Relaties tussen noord en zuid worden gekenmerkt door connecties en verbintenissen tussen ‘ontwikkelde landen’ op het noordelijk halfrond en de ‘ontwikkelingslanden’ op het zuidelijk halfrond. (Website Europe, 24/3/2013). Deze definitie focust op ‘hulp’ en niet ‘samenwerking’ en ze promoot een geografische scheiding van de wereld in twee delen.
Maar, deze indeling is niet productief bij het duiden van globale problemen. Een duurzame wereld kan enkel gevormd worden in een rechtvaardige wereld. Indien we willen streven naar een duurzame wereld, moeten alle naties samenwerken aan eenzelfde project: een gezonde en duurzame wereld voor toekomstige generaties. Wanneer we onze krachten en kennis bundelen, kunnen we meer bereiken. Elk land, ongeacht de economische ontwikkeling of geografische ligging heeft een rijkdom aan kennis en ideeën te delen, en deze kennis mogen we niet verspillen.
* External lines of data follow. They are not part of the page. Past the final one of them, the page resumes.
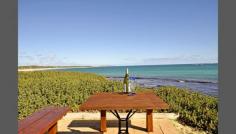 23 De Burgh St Ledge Point WA 6043 ABSOLUTE BEACHFRONT Classic Family Holiday Home on the waterfront at Ledge Point. a pristine holiday destination about an hour's drive North of the Metro Area. Evening alfresco entertaining, relaxing on the ocean front patio viewing the magnificent western sunsets. Walk off the patio direct on to the beach for a refreshing swim/ paddle, launch your own tinny for a spot of fishing. It really does not get any better than this. But wait, there's more. Development potential. Relax now, and develop later. Or just enjoy the remarkable ambience of this warm, true Aussie beach home. This property has been owned by the same family for over 30 years, which says it all. 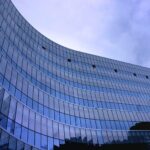 fish eye view photo of glass high story building over white cloudy sky during daytime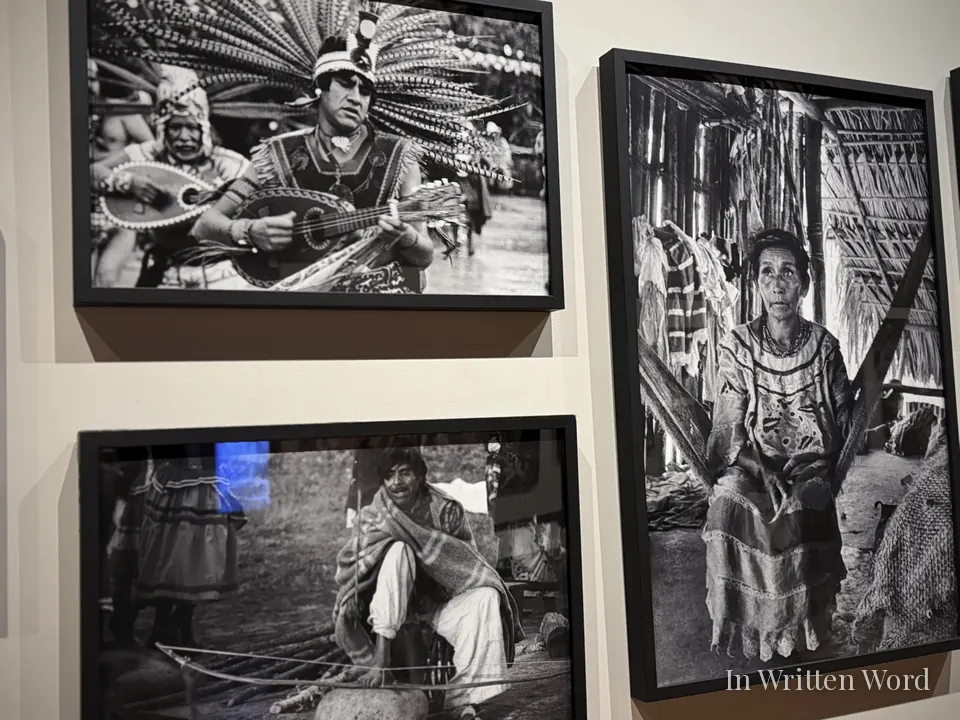 Black and white photographs of Indigenous Mexican communities displayed at Museo Nacional de Antropología in Mexico City.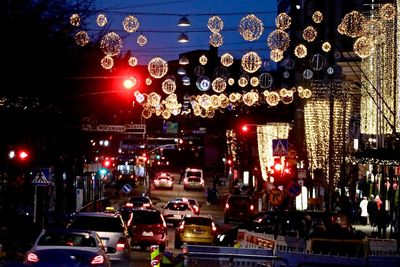 Cars on city street at night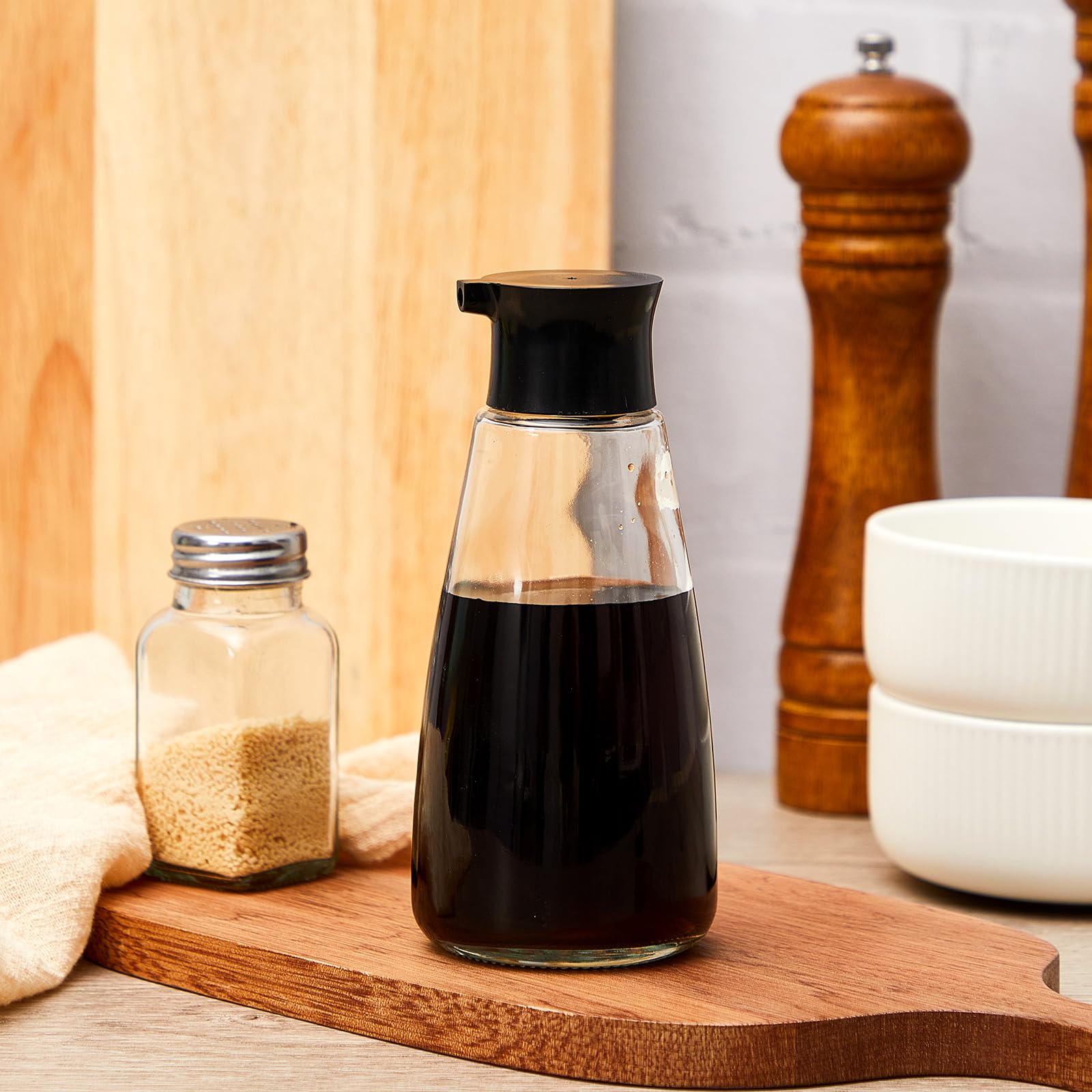 LOYIM cruet dispenser black-cap design prevents leaks and preserves freshness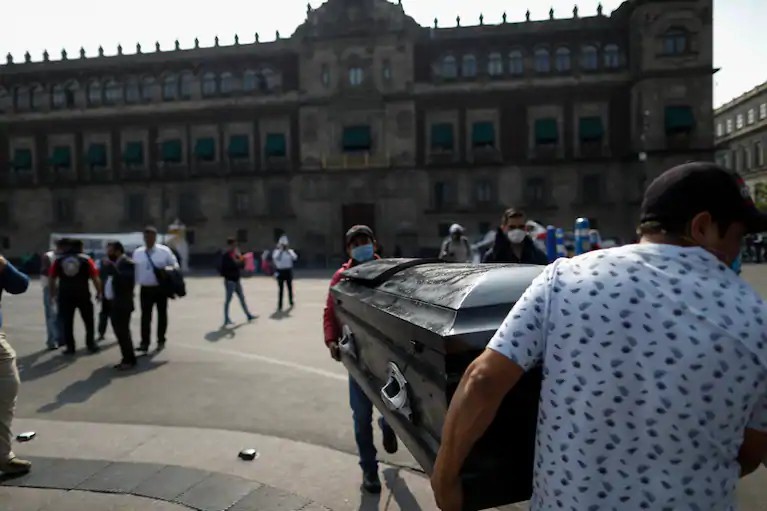 Dos hombres cargan un ataúd frente al Palacio Nacional, en Ciudad de México, al finalizar una protesta el 11 de mayo de 2020, en la que activistas de derechos humanos buscaron llamar atención a los riesgos de salud que enfrentan las personas en cárceles mexicanas esperando juicios que quedaron estancados por la pandemia por coronairus. (Rebecca Blackwell)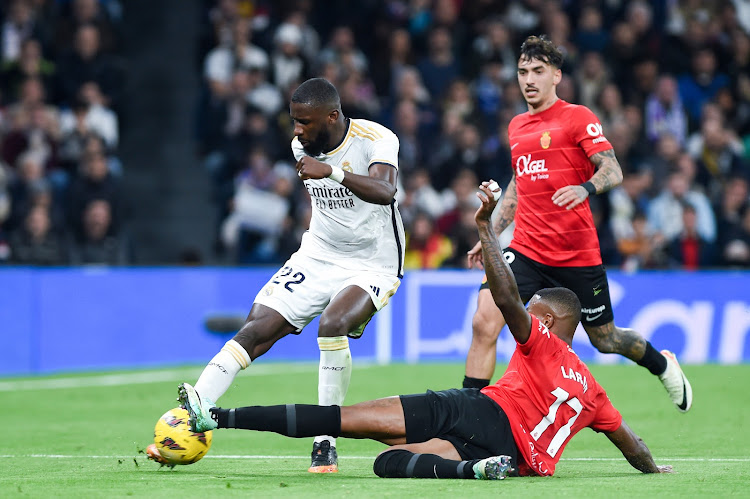 Real Madrid's Antonio Rudiger (L) of vies for the ball with Cyle Larin of Mallorca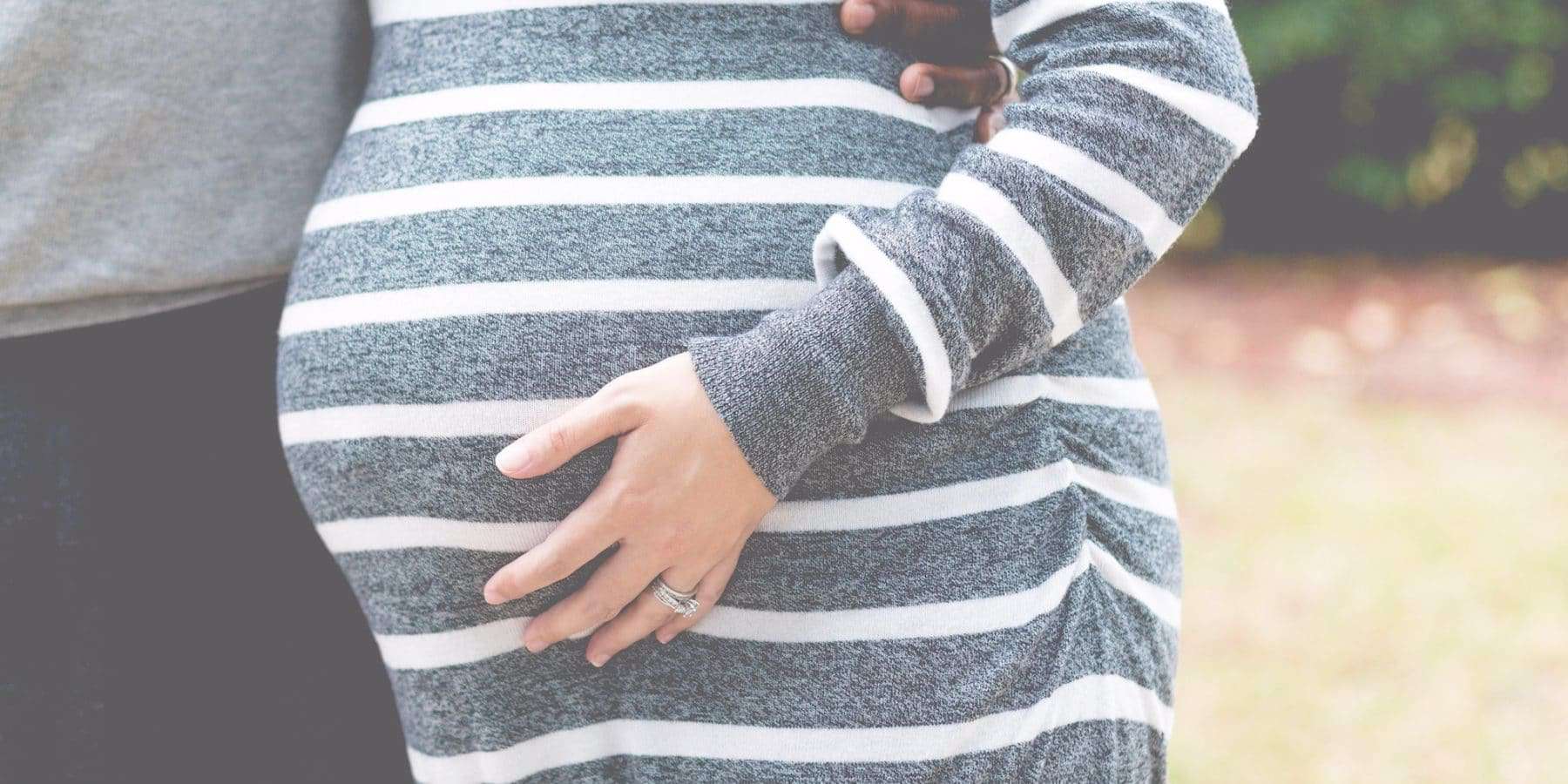 image of pregnant woman with hand on belly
In eerste instantie moeten wij evolueren naar een open, globale samenwerking. Hiervoor moeten deelnemende landen, gemeenschappen en individuen als gelijke partners met elkaar kunnen onderhandelen en praten. Op globaal niveau moeten zij hun kennis, waaronder ook die van duurzaamheid, en ideeën vrij kunnen uitwisselen. In ‘noord versus zuid’, ‘beter versus slechter’ termen denken is dan overbodig. Deze dichotomie hanteren leidt trouwens enkel naar het mislopen van potentieel waardevolle ideeën. Bovendien wordt uitdokteren wie wat zal doen gemakkelijker. Wie het meest geschikt is voor een bepaalde taak zal blijken uit onderling overleg. We hoeven niet langer te zoeken naar wie ‘verantwoordelijk’, naar wie schuldig is. Kortom, we stoppen met praten, doen is de boodschap!

Verder moeten we ook het ‘noord-zuiddenken’ van politici veranderen, maar dit zal geen gemakkelijke opgave zijn. Politici denken nog altijd in termen van geld. Zo hebben de lidstaten van de OESO zich ertoe verbonden 0,7% van hun BNP aan ‘officiële ontwikkelingshulp’ te besteden. (Website UN millennium project, 24/3/2013). Wij zijn van oordeel dat niet alleen geld kapitaal is, kennis is en moet dat ook zijn.

De noordelijke landen hebben de laatste decennia veel geld aan ontwikkelingshulp geschonken. Toch is er weinig veranderd omdat geld geven niet duurzaam werkt. Dit geld kan beter geïnvesteerd worden in het uitwisselen van kennis en ideeën. Ons concept zou de lokale bevolking rechtstreeks bereiken en hun ervaringen zouden op hun beurt dan weer bijdragen tot de globale, duurzame ontwikkeling (bottom-up-effect).

“De mondiale dimensie verkent wat ons verbindt met de rest van de wereld. Het staat mensen die willen bijleren toe, om te gaan met complexe wereldproblemen en linken te ontdekken tussen hun eigen leven en dat van anderen, plaatsen en problemen wereldwijd. De mondiale dimensie kan betrekking hebben op zowel ontwikkelings- en ontwikkelde landen. Het stelt mensen niet alleen in staat alternatieve toekomsten voor te stellen, maar ook de rol die ze kunnen spelen in het creëren van deze alternatieve en duurzame wereld.” (Website Global footprints, 24/3/2013).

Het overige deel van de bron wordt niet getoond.